LakieLady · 25/09/2019 19:51

That sounds like a good plan, @jamoncrumpet

That will give you time to stash some cash and gather all the financial and other info you need.

It might also be a good idea to make notes of incidents that support the abuse/unreasonable behaviour, too.

theWarOnPeace · 25/09/2019 20:26

Oh jamon I’m so sorry you’re going through this!

You need to start recording every bit of everything. I would seek legal advice now, before you’re technically ready to leave, in order to know what you can expect. You may be surprised at your rights and what you would be entitled to if you split, which may in turn embolden you to end things.

My practical attention would turn to the financial side, but I would also be keeping records of say text messages where you ask him to do something with the children and he says he can’t be bothered or some such crappy response. Recording times and dates of him going away or doing something for work without telling you or checking for the children. Times you’ve had crucial meetings regarding your autistic child the he hadn’t participated or shown interest in.

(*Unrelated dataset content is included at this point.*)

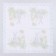 Paper Napkins "Gray Rabbit", 33x33 cm, set 20 pcs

The calculating part of me would be inclined to send him leading text messages and keep records of his responses. It would make up grounds for divorce (unreasonable behaviour, withdrawal of affection, not participating in family life etc etc) and establish you as not only the main cater for the children, but out of the two of you, the only person interested and capable of caring for them.

Manicpixiedreambitch · 26/09/2019 19:59

Is there any evidence of infidelity?